Mundo perfecto

Voy a reproducir, más o menos, una conversación que tuve hace poco con una buena amiga, alguien de quien siempre aprendo algo cada vez que hablamos, porque ambos somos sinceros y lo hacemos con espíritu de diálogo, de dos personas que muestran sus puntos de vista sin pretender tener toda la razón, pero con la suficiente vehemencia de quien cree tenerla, al menos mientras no se le demuestre lo contrario.

Decía ella haber conocido a una persona maravillosa con una vida muy auténtica, una vida más real que la de mucha gente. Yo le respondía que claro que hay gente maravillosa por ahí, qué duda cabe. Pero que yo en su lugar no entraría a valorar si la vida de esa persona es más o menos real que la de otros. Creo que todas las vidas son reales para el que la vive, aunque a veces no lo parezca. Aunque podamos ver en otra gente hipocresía o cobardía para vivir, eso mismo puede constituir su prueba, su cruz. Con lo cual, una gran parte de su realidad consistiría en darse cuenta y salir de ese círculo.

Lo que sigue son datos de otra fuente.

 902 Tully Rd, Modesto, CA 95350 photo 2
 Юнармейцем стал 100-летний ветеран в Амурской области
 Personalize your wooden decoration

No creo que sea buena idea comparar las vidas de unos y otros. Mi amiga misma me dijo hace tiempo, y he reflexionado sobre ello, que no hay nadie mejor ni peor; pues bien, me parece que tiene razón, es así, lo que hay es más o menos afinidad con unos u otros en función de nuestras necesidades o anhelos, y eso lo usamos para juzgar, y claro, nos podemos equivocar.

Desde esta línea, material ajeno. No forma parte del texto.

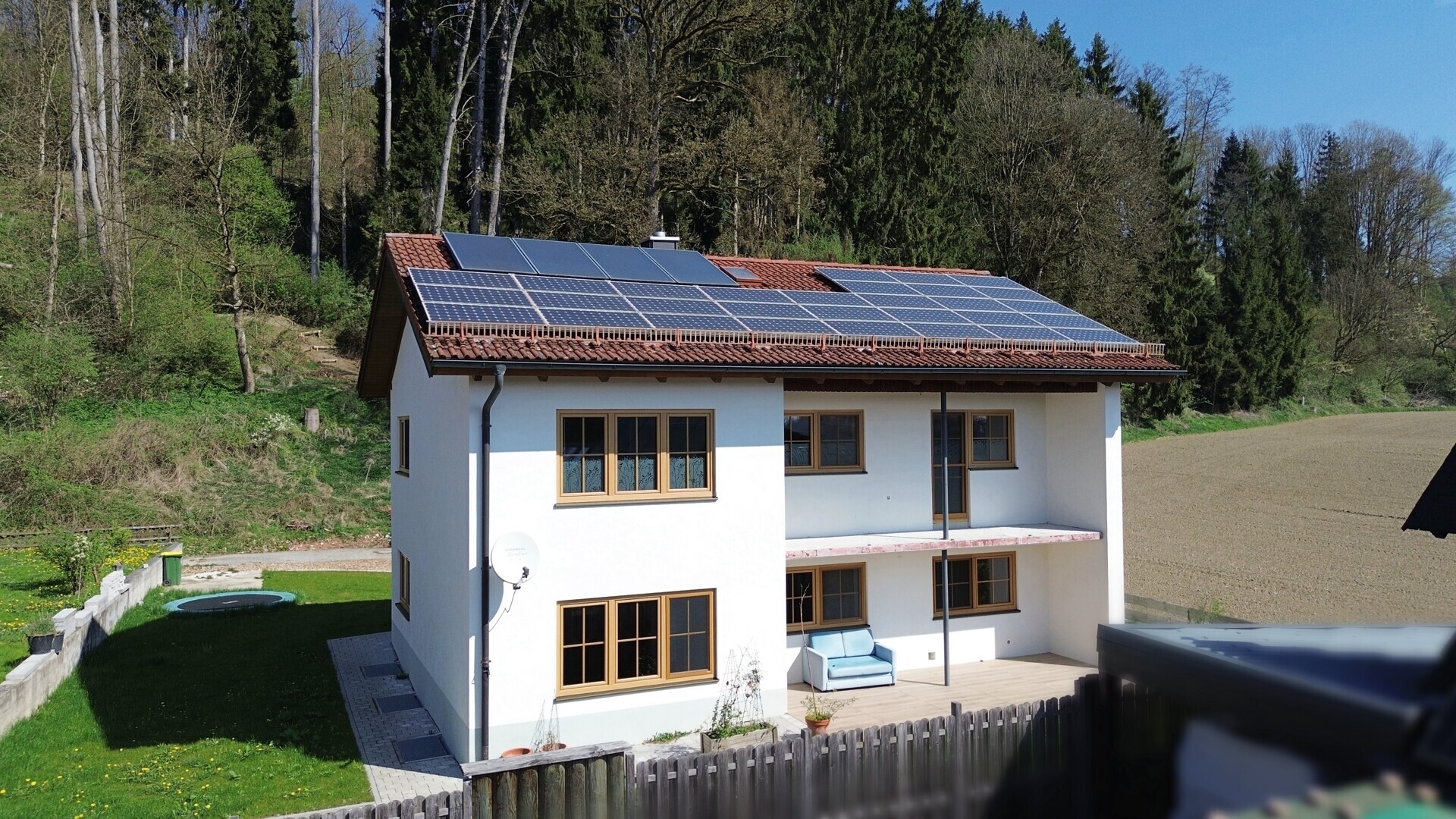 Renoviertes Einfamilienhaus in traumhaft ruhiger Randlage neben Wald und Feld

Ante mis razones, mi amiga, me responde que ella no duda que exista gente maravillosa, que lo afirma, y que en cuanto a su amigo, es uno de los que ha conseguido menor grado de cobardía en su vida, y eso es un hecho. A lo que yo respondo con cierta ironía: “Lo que tú digas”, expresión que la deja sorprendida. Sí, amiga mía, lo que tú digas porque no le has dado margen a mi reflexión y me has respondido con más de lo mismo. Al ver ella que no le aceptaba lo que me decía tal cual, me dijo sonriendo: “Anda, vuelve a tu mundo perfecto”. Y ahí acabó nuestro diálogo.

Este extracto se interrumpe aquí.